Intel, TSMC both set to report on stacked CFETs at IEDM
Chipmakers Intel and TSMC are both scheduled to report on the development of vertically-stacked complementary field effect transistors (CFETs) at this year’s International Electron Devices Meeting (IEDM) coming up in December, in San Francisco.
The CFET is thought to be the transistor architecture to come after the gate-all-around multi-channel transistors. These are being adopted at the 3nm and 2nm nodes by chip manufacturing leaders TSMC, Samsung and Intel.
The idea of the CFET, where n- and p- type transistors are stacked vertically and monolithically, was proposed by the IMEC research institute back in 2018 (see IMEC presents ‘n-over-p’ complementary FET proposal). Since then numerous research papers have fleshed out the proposal but these have come IMEC and academic researchers rather than R&D teams at commercial organizations.
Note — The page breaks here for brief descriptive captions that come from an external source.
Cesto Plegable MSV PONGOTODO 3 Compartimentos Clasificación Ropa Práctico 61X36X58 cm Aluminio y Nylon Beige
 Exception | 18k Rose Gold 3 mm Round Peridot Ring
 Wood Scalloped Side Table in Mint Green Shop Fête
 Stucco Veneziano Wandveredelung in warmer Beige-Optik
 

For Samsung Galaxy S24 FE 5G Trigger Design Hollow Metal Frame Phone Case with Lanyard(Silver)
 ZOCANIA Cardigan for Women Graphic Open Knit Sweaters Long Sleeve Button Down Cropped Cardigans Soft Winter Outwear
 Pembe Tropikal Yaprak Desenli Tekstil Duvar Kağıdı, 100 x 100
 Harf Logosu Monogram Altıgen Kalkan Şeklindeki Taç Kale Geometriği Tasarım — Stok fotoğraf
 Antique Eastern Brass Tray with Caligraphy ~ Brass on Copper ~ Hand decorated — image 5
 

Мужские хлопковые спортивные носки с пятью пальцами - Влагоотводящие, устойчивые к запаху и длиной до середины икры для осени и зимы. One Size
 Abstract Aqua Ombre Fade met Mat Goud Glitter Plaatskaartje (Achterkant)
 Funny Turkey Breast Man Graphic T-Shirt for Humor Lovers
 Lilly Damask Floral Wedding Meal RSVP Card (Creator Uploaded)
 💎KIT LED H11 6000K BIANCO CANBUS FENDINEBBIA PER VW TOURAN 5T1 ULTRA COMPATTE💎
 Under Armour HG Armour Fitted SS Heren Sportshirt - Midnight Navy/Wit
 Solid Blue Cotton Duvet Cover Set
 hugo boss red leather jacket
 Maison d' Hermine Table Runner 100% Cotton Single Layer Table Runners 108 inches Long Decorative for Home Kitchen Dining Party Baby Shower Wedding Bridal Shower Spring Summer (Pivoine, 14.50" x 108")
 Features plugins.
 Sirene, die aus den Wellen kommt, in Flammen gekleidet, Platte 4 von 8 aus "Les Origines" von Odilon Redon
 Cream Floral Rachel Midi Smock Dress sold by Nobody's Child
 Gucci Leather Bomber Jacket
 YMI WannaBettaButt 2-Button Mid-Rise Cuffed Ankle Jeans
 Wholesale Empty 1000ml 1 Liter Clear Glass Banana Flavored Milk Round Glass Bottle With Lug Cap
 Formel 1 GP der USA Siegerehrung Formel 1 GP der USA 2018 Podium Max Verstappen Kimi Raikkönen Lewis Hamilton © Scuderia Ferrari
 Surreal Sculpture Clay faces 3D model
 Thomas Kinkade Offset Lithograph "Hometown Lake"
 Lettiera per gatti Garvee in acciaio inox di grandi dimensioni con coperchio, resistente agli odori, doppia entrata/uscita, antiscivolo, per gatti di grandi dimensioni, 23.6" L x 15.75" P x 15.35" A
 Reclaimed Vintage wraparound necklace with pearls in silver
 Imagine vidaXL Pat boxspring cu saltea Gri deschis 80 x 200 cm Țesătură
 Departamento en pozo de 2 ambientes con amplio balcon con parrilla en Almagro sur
At the IEDM conference Intel researchers are expected to discuss a 3D monolithic CFET device that they manufactured that comprises three n-FET nanoribbons on top of three p-FET nanoribbons, with 30nm of vertical separation between them. They will present in paper 29.2: Demonstration of a Stacked CMOS Inverter at 60nm Gate Pitch with Power Via and Direct Backside Device Contacts.
The CFET provides the obvious benefit of two transistors occupying the space of one in a GAA, FinFET or planar architecture. But it also means that CMOS logic circuitry can be designed more efficiently. IMEC has previously made the point that standard cell area is mainly dependent on access to transistor terminals and that CFETs can simplify this.
The Intel team are due to describe a industry first – fully functioning inverter test circuits in CFET – built at a 60nm gate pitch. The devices also featured vertically stacked dual-S/D epitaxy; dual metal work function gate stacks connecting the n- and p-transistors.
In addition Intel has include backside power delivery, an idea that was also proposed by IMEC and that is now part of the Intel roadmap for delivery in its Intel 20A – or 20 angstrom – manufacturing process.
The researchers also will describe a nanoribbon “depopulation” methodology for when unequal numbers of NMOS and PMOS channels are required. The work helps to increase the understanding of the potential to scale CFETs for logic and SRAM applications.
TSMC researchers have been allowed to submit a “late-news” paper in the same session: Paper 29.6 is entitled: Complementary Field-Effect Transistor (CFET) Demonstration at 48nm Gate Pitch for Future Logic Technology Scaling.
The team from TSMC will discuss what they describe as a practical, monolithic CFET approach for logic technology scaling on a 48nm gate pitch. Like Intel they are adopting an n-type nanosheet transistors above p-type nanosheet transistors. The paper will report on the on-state current and subthreshold leakage – described as “high” and “low” respectively in the precis of the paper. This leads to an on/off current ratio of six orders of magnitude. The on/off current ratio (six orders of magnitude).
The transistors exhibited an FET survival rate of greater than 90 percent, according to the paper precis. A final comment in the precis is that: “While other essential features still must be integrated to unleash CFET technology’s potential, this work paves the way for that to happen.”
An inline cross-section transmission electron microphotograph shows a monolithic CFET with a gate pitch of 48nm and with nFETs placed above pFETs, and both types of transistors surrounded by a single metal gate.